TRAFFIC - welcome to the partnership's new member
TRAFFIC (www.traffic.org), the wildlife trade monitoring network, works to ensure that wildlife trade is not a threat to the conservation of nature. TRAFFIC is a joint programme of IUCN—the International Union for Conservation of Nature and WWF, the global conservation organization.
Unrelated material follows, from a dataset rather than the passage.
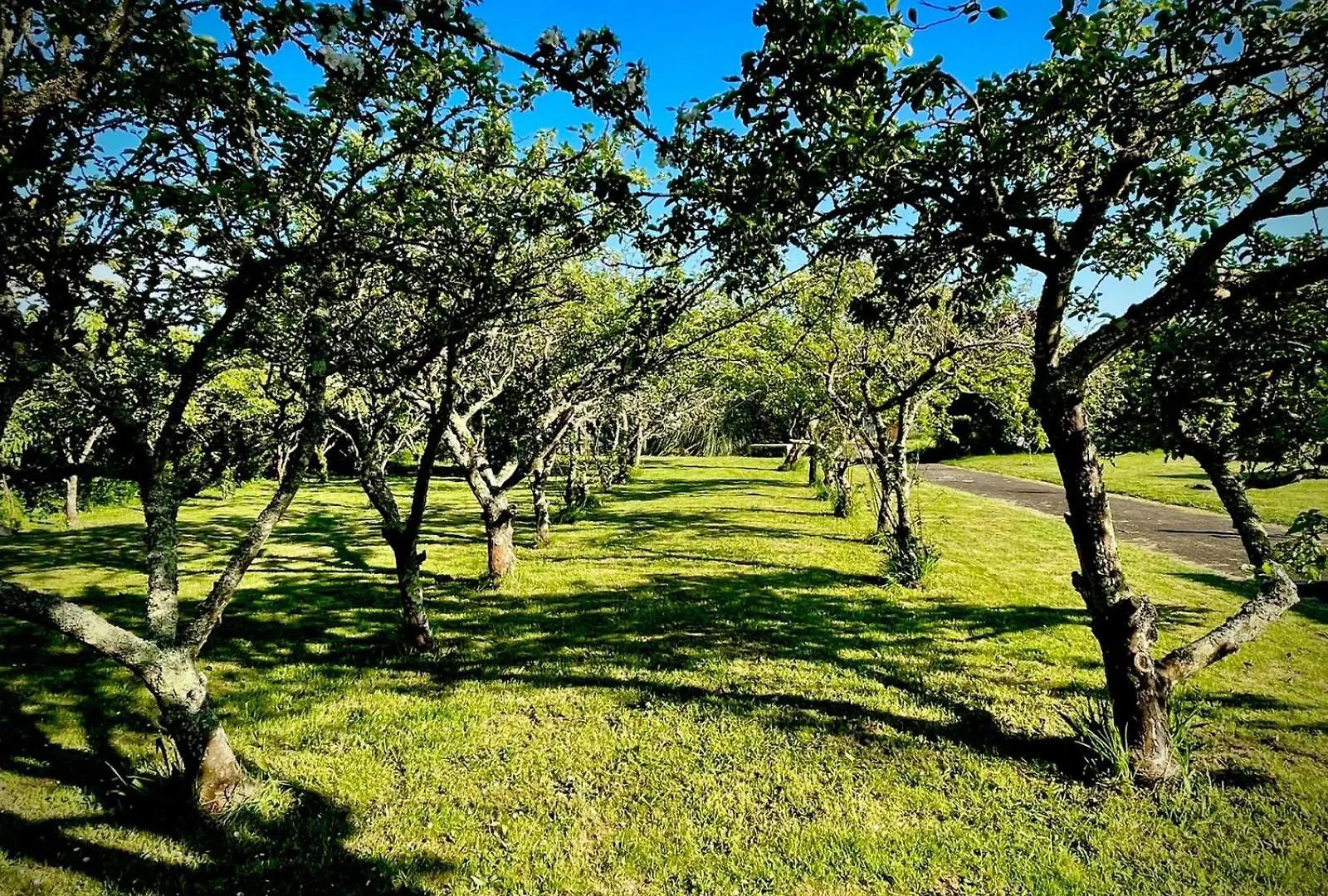 Plouézec Le Bercail Bed & Breakfast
TRAFFIC’s vision is a world in which this trade is managed sustainably – conserving biodiversity while continuing to make a significant contribution to human needs.
Following TRAFFIC’s successful establishment in 1991 in East/Southern Africa, TRAFFIC established a new presence in Central Africa in May 2008. Based in Yaoundé, Cameroon, the new TRAFFIC Central Africa Programme office is the result consultations with intergovernmental and governmental institutions and with international and national NGOs, all of whom have expressed their support of a TRAFFIC programme in the region.
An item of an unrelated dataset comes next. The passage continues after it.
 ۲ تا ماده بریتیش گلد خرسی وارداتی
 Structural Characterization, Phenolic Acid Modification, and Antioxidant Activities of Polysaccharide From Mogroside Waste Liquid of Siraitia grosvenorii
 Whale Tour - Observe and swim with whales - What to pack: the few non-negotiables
Objectives of TRAFFIC in Central Africa are in keeping with the general pattern of constructive and efficient collaboration with the CITES Secretariat, governments and institutions, and other stakeholders (private sector, professional organizations, civil society representatives and other partners, including the Species Survival Commission and NGOs).
Hosted by IUCN, the new TRAFFIC Central Africa programme will focus on the trade in wild meat, on good timber trade governance, and on closing down illegal domestic ivory markets and ivory smuggling routes.
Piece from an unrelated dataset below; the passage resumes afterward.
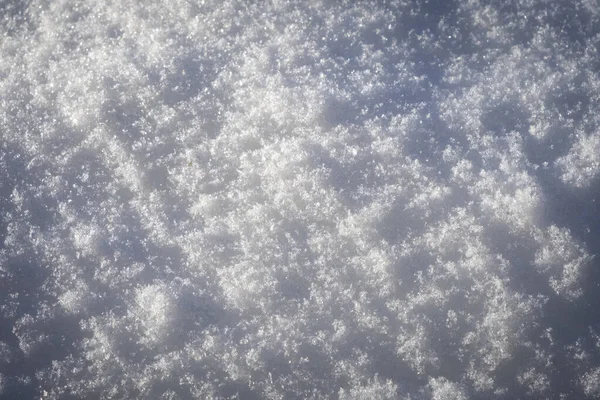 Beyaz karlı kış arkaplanı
TRAFFIC will initially focus its efforts in eight of the 10 COMIFAC (Central African Forest Commission) countries in the region, namely the Republic of Cameroon, Republic of Chad, Central African Republic, Democratic Republic of Congo, Republic of Equatorial Guinea, Republic of Gabon, Republic of Congo, and Republic of Saõ Tomé & Príncipe where TRAFFIC will assist with the implementation of COMIFAC’s “Plan de Convergence”.